For the second year running, Singapore is ranked second in the world behind the Netherlands in being ready to embrace AVs in the 2019 KPMG's Autonomous Vehicle Readiness Index (AVRI).
The rankings illustrate that AVs are no longer just a possibility, but an imminent reality for all of us living in Singapore.
According to the 2019 AVRI, driving Singapore's preparedness in AVs are its strengths in policy and regulation, high consumer acceptance and readiness in infrastructure.
This is evident through recent developments such as the launch of the first AV bus by Volvo and Nanyang Technological University (NTU), and the publication of Technical Reference 68 (TR 68), a set of national standards for developing and deploying AV technology.
Singapore is also serving as an excellent test bed for AV technology, although in the area of technology and innovation, there is still room for improvement, particularly in attracting AV-related technology headquarters to be established here.
But Dyson's recent move to relocate its global headquarters to Singapore and set up an electric vehicle (EV) factory on our island are testament to the fact that the nation has what it takes to create a market for AVs.
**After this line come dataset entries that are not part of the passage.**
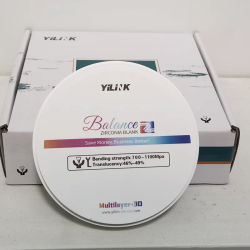 Yilink 3D многослойный Цирконий чистый 49% Высокая полупрозрачная эстетика 1100 МПа прочность 98 мм толщина 16 мм для стоматологических CAD/CAM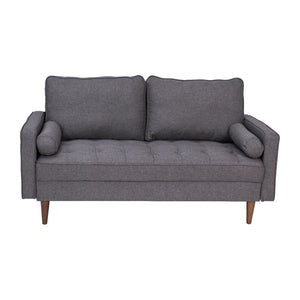 English Elm Hudson Mid-Century Modern Loveseat Sofa with Durable Upholstery & Solid Wood Legs for Small Spaces Dark Gray IS-PL100-DKGY-GG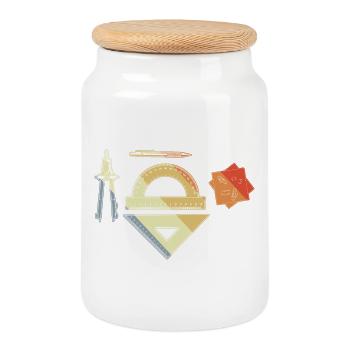 Architect Vintage Look - Cookie Jar with Wooden Lid - white - Front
Dyson's move will also pave the way in attracting more AV-related technology companies to base themselves here.
In 2018, EVs represented less than 0.1 per cent of all vehicles in Singapore. The upfront cost and inconveniences of owning an EV have been singled out as key reasons for low adoption.
In light of these challenges, a three-pronged approach can be considered to increase ownership of EVs.
Firstly, an Early Turnover Scheme (ETS) for passenger vehicles could be implemented.
Similar to the existing ETS which encourages replacing older diesel commercial vehicles with more environmentally-friendly alternatives, a new ETS encouraging people to convert passenger vehicles to EVs could be rolled out over the next few years as the availability of charging infrastructure and access to affordable post-sales services improve.
Secondly, improving public awareness of EV technology to bring clarity and alleviate concerns on owning such a vehicle in Singapore is key to changing existing misconceptions.
For instance, range anxiety, where a person driving an electric car worries that the battery will run out of power before the destination or a suitable charging point is reached, should not be a major concern in Singapore as the average mileage for a standard electric car on a full charge is around 270km, considerably more than the average daily mileage for a common vehicle at 40-45km.
Thirdly, Singapore needs to ramp up the development of its EV charging infrastructure.
Singapore can accelerate the ongoing deployment of charging points by encouraging the development of charging infrastructure through incentives such as grants to install.
With this three-pronged approach in place, Singapore will be well on its way to mass electrification of vehicles, as a stepping stone to AV adoption.
Satya Ramamurthy is head of Infrastructure, Government and Healthcare, KPMG in Singapore; Richard Threfall is global head of Infrastructure, KPMG in the UK. Views expressed are their own. This article was published in The Business Times yesterday.